--- What you are asked to do ---
Omitting every picture, copy the lines from the one that contains "Le Colombier Hotel 4*" through the last line of the records below, exactly and with nothing added.

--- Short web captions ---
***

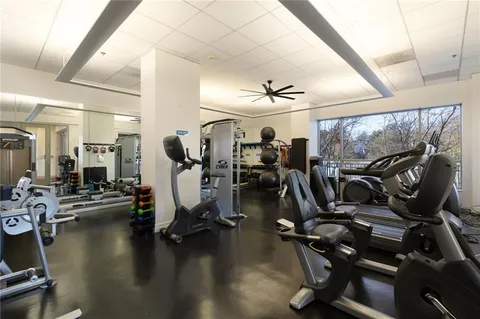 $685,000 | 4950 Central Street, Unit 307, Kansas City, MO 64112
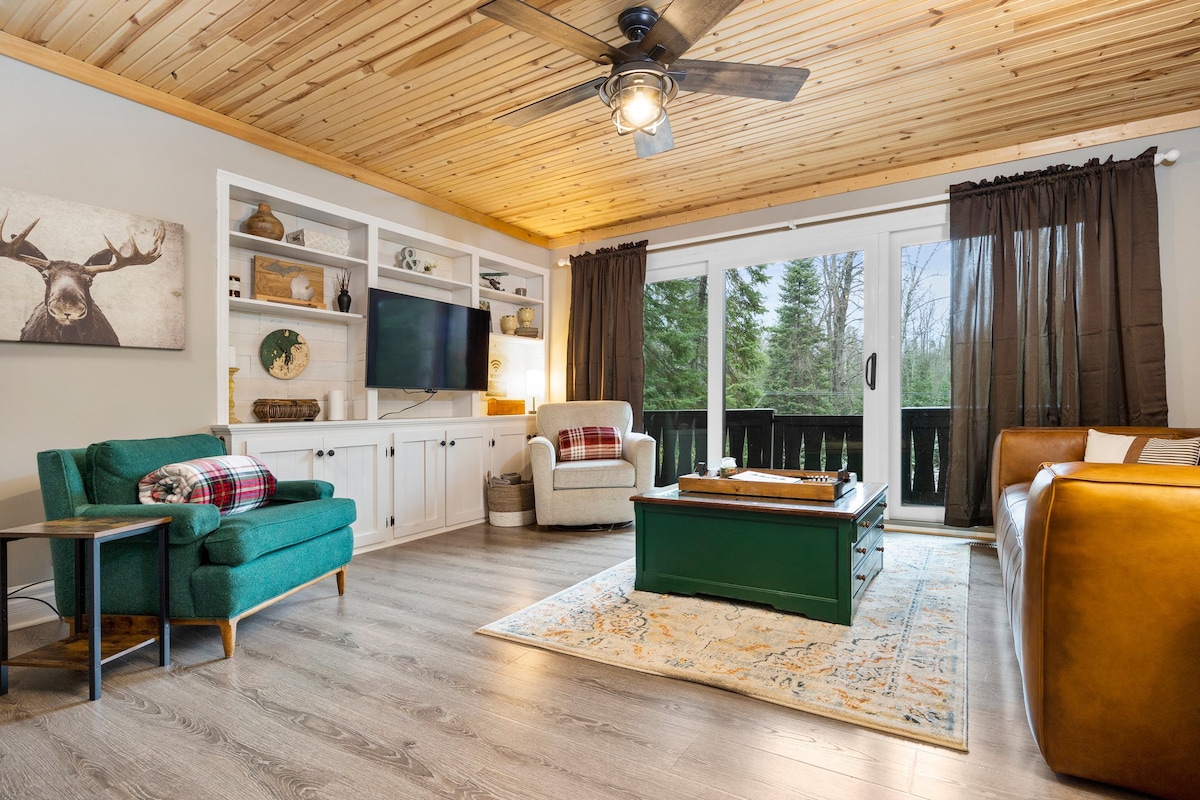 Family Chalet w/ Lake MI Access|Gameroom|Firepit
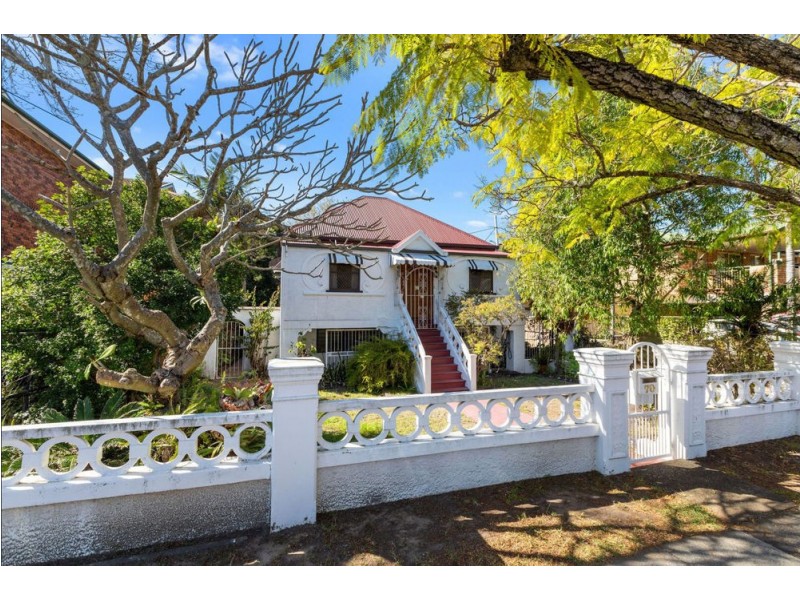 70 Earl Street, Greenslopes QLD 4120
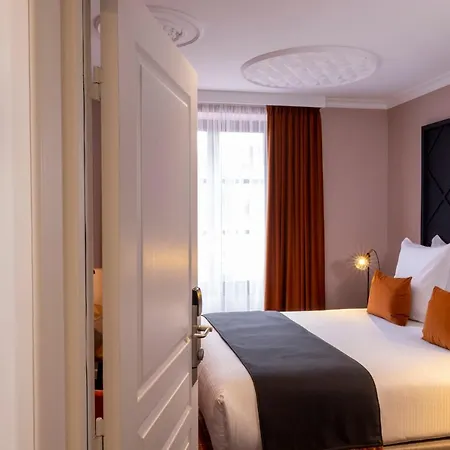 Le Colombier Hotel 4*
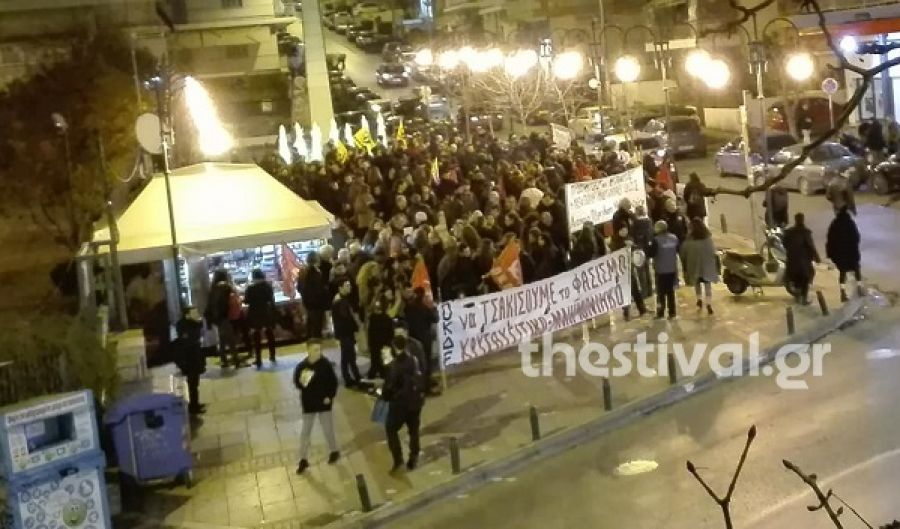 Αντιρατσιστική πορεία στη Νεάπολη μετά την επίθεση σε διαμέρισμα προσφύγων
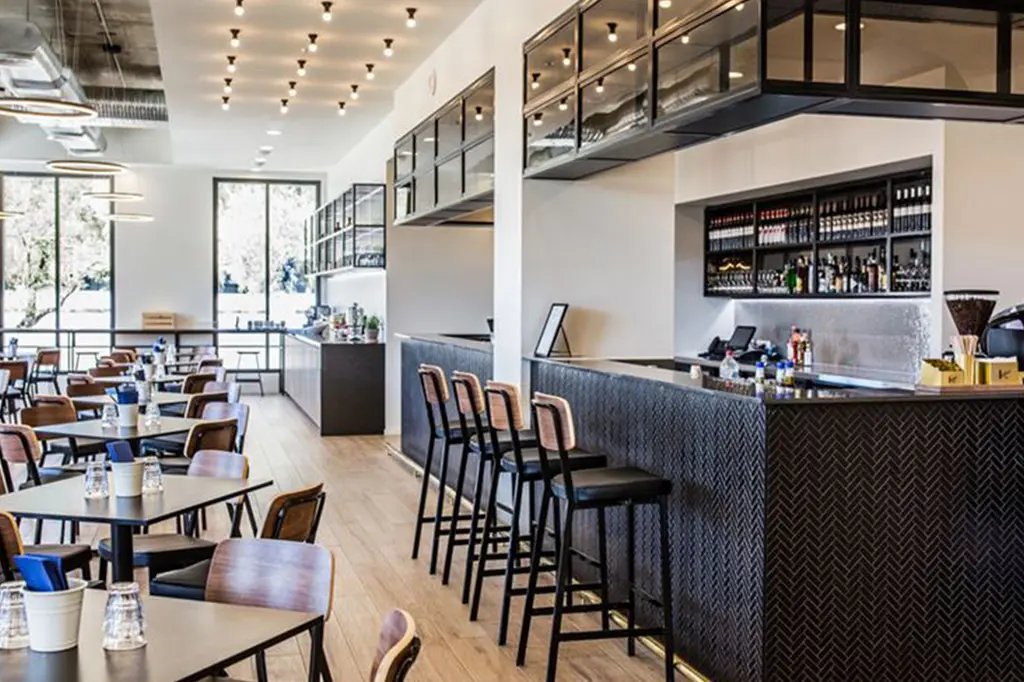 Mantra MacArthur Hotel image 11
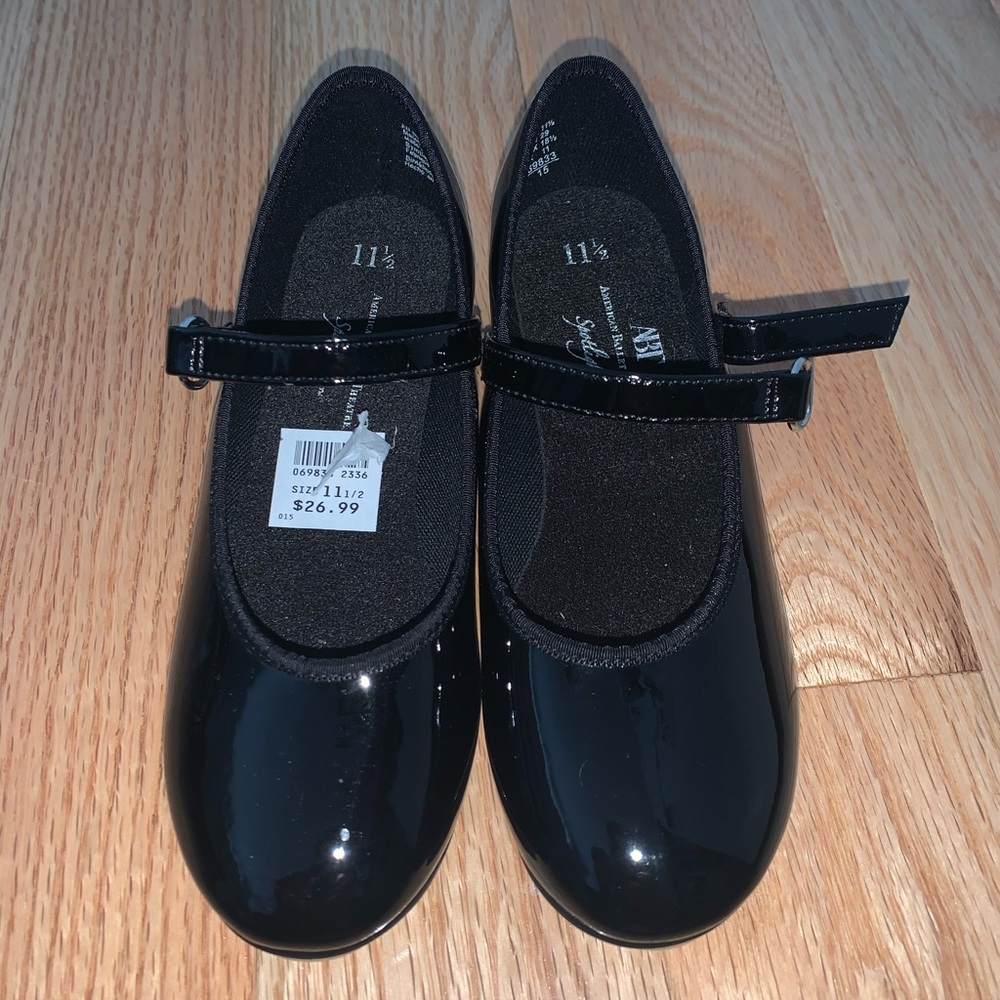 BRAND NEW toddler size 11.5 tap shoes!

***

--- Answer space ---
 Le Colombier Hotel 4*
 Αντιρατσιστική πορεία στη Νεάπολη μετά την επίθεση σε διαμέρισμα προσφύγων
 Mantra MacArthur Hotel image 11
 BRAND NEW toddler size 11.5 tap shoes!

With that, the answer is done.